Extracted data entries
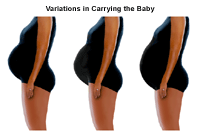Variations In Carrying The Baby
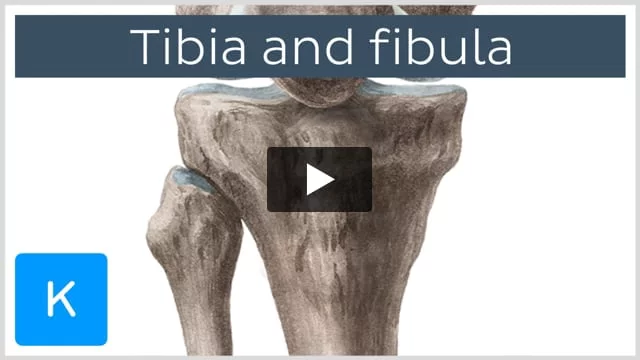 Top Tibia Clips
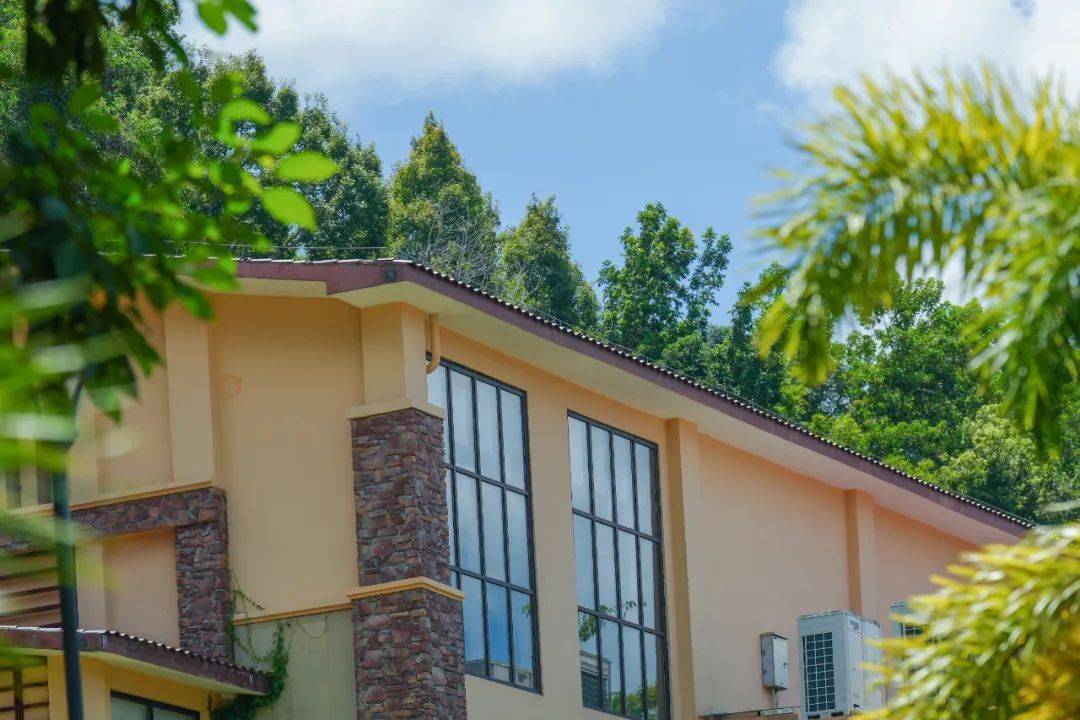 在海南五指山的旅居生活,爱了爱了!_热带雨林_水满乡_度假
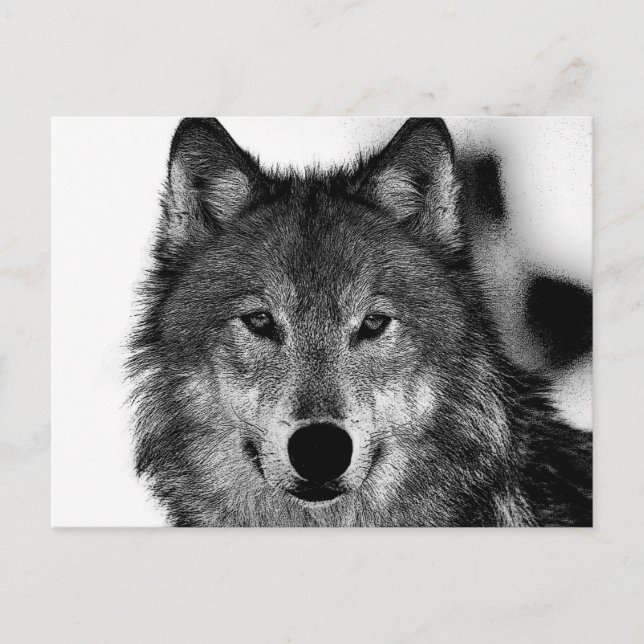 Carte Postale Oeuvre de Loup noir et blanc (Devant)
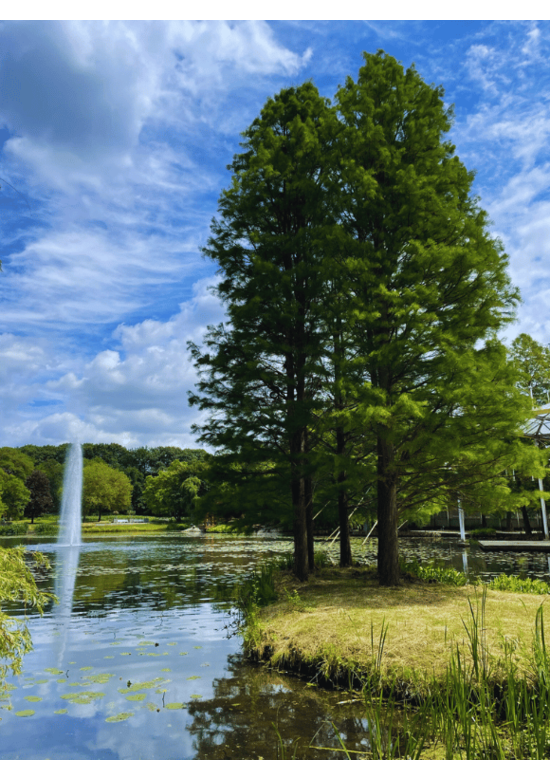 Urweltmammutbaum - Stammbusch | Metasequoia glyptostroboides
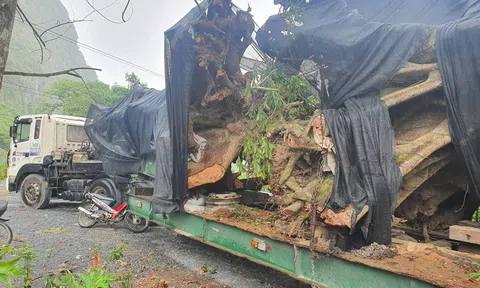 Quảng Bình: Hạt Kiểm lâm xử phạt hành chính chủ 2 cây sung "khủng"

# [WHAT YOU HAVE TO DO]
Skipping any pictures, copy the line that holds "在海南五指山的旅居生活,爱了爱了!_热带雨林_水满乡_度假" and each line after it through the last line of the records, unchanged, and no other lines.

# [EXERCISE RESPONSE]
 在海南五指山的旅居生活,爱了爱了!_热带雨林_水满乡_度假
 Carte Postale Oeuvre de Loup noir et blanc (Devant)
 Urweltmammutbaum - Stammbusch | Metasequoia glyptostroboides
 Quảng Bình: Hạt Kiểm lâm xử phạt hành chính chủ 2 cây sung "khủng"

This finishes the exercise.